### SUPPLIED ENTRIES
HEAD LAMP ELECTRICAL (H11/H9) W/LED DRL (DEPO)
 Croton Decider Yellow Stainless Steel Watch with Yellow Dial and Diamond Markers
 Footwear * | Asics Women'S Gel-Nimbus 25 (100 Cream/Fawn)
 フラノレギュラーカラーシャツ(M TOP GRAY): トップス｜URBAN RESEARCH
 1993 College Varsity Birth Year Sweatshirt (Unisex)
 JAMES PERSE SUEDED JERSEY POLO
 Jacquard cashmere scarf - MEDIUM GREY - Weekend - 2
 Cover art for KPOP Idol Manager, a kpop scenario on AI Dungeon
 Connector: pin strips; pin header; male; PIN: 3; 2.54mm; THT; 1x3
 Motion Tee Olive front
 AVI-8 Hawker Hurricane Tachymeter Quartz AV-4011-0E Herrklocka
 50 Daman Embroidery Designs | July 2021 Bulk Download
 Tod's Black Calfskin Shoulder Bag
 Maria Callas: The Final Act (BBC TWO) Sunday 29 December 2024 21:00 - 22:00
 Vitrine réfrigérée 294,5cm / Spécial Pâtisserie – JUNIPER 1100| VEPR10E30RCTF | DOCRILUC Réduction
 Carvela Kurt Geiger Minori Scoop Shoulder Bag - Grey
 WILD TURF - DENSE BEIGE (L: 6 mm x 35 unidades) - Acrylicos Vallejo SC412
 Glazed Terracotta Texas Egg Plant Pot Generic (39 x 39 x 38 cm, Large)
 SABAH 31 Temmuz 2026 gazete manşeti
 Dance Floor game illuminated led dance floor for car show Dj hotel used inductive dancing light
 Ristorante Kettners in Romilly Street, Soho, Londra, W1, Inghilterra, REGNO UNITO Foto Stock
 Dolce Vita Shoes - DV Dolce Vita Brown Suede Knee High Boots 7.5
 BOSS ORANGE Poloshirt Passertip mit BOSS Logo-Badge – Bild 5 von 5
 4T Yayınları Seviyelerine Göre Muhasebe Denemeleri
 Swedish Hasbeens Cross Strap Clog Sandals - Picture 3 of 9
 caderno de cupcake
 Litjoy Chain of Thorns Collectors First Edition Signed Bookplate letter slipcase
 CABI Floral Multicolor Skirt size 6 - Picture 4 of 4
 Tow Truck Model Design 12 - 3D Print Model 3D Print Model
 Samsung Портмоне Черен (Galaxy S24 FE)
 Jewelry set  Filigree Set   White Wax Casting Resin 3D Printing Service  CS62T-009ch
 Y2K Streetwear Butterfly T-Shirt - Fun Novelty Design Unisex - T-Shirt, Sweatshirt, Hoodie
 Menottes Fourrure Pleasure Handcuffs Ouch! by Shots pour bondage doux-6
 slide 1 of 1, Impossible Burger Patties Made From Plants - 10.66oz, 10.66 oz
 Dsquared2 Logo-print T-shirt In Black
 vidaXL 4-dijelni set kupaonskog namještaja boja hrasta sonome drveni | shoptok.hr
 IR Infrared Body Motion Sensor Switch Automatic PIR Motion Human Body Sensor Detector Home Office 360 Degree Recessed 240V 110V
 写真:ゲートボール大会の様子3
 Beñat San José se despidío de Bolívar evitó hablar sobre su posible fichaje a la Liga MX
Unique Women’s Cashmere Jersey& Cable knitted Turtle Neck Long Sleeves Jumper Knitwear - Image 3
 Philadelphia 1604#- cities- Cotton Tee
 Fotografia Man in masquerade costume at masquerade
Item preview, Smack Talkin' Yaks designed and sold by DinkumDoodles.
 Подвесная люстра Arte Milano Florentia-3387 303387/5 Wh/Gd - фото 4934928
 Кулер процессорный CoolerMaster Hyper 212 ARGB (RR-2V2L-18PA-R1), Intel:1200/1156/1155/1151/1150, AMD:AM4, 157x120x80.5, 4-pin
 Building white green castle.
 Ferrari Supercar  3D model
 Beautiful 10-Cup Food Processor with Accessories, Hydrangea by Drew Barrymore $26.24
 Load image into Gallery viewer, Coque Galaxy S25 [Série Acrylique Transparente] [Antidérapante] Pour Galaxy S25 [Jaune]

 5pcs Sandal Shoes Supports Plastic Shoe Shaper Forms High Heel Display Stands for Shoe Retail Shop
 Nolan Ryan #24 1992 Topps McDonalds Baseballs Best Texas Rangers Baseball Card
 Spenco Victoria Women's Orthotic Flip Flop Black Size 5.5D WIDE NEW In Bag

### TRY IT
Going through the records, work out how many lines contain the word "Unisex". Please answer with the number only.

### SOLUTION BELOW
2